Howard is one of 20+ authors (including Christopher Rowe) who will be in Santa Fe at the Jean Cocteau Cinema this weekend for the huge George R. R. Martin Wild Cards celebration. It sounds like so much fun! One day I will get back to Santa Fe and visit the cinema and see all the groovy stuff they have there.

There are more than a couple of great lines in Elizabeth Banicki‘s Austin Chronicle Waldrop profile including this paragraph:

I’d been scouring libraries across town for collections of his writings. His brilliant short stories “Mary Margaret Road-Grader” and “The Ugly Chickens” had me high on how he bends reality while staying completely grounded in human nature. In those stories, unremarkable people adventure through fantastical scenarios where their physical and psychological worlds are woven together, often indistinguishable. The residual effects stayed with me for days. Great writing does that thing where you’re reading along and then – POP! – you get socked with a sentence or paragraph so clean, words so perfectly chosen to relate to human experience, that you can only drop the book into your lap and recover. Waldrop’s writing does that.
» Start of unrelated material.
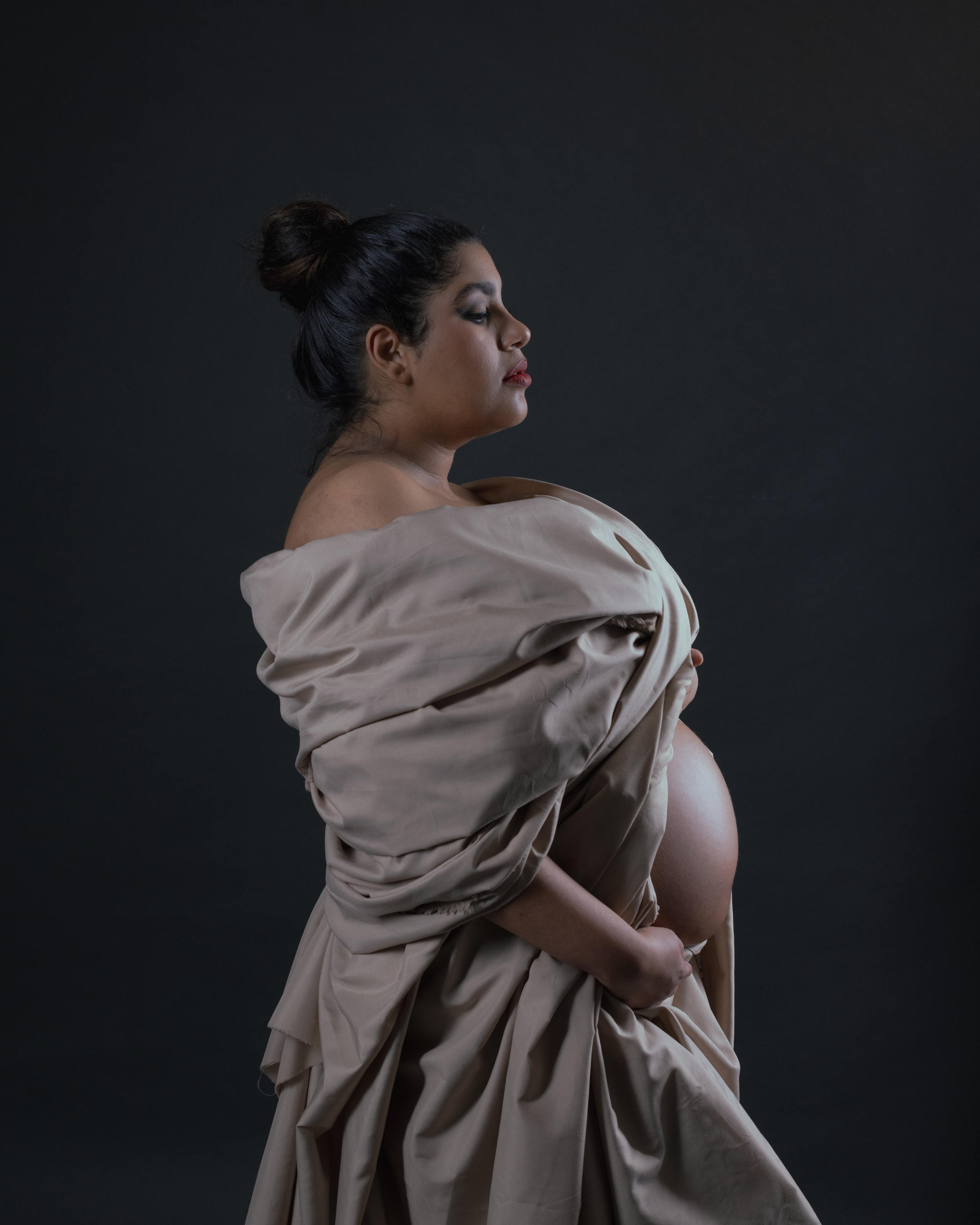 NOGLYS. Anastasiia Antoniuk portrait, family and couple photographer, Portugal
But I am slightly worried about a couple of later parts:

Waldrop doesn’t believe he’s a mystic, but he does believe he can kill any publication just by letting them publish his work.

and then at the end:

Waldrop has various works in progress, one of which will be published in Lady Churchill’s Rosebud Wristlet.

Eek!

I think LCRW will be ok. In the meantime, Howard’s most recent collection Horse of a Different Color is 50% off this week to celebrate!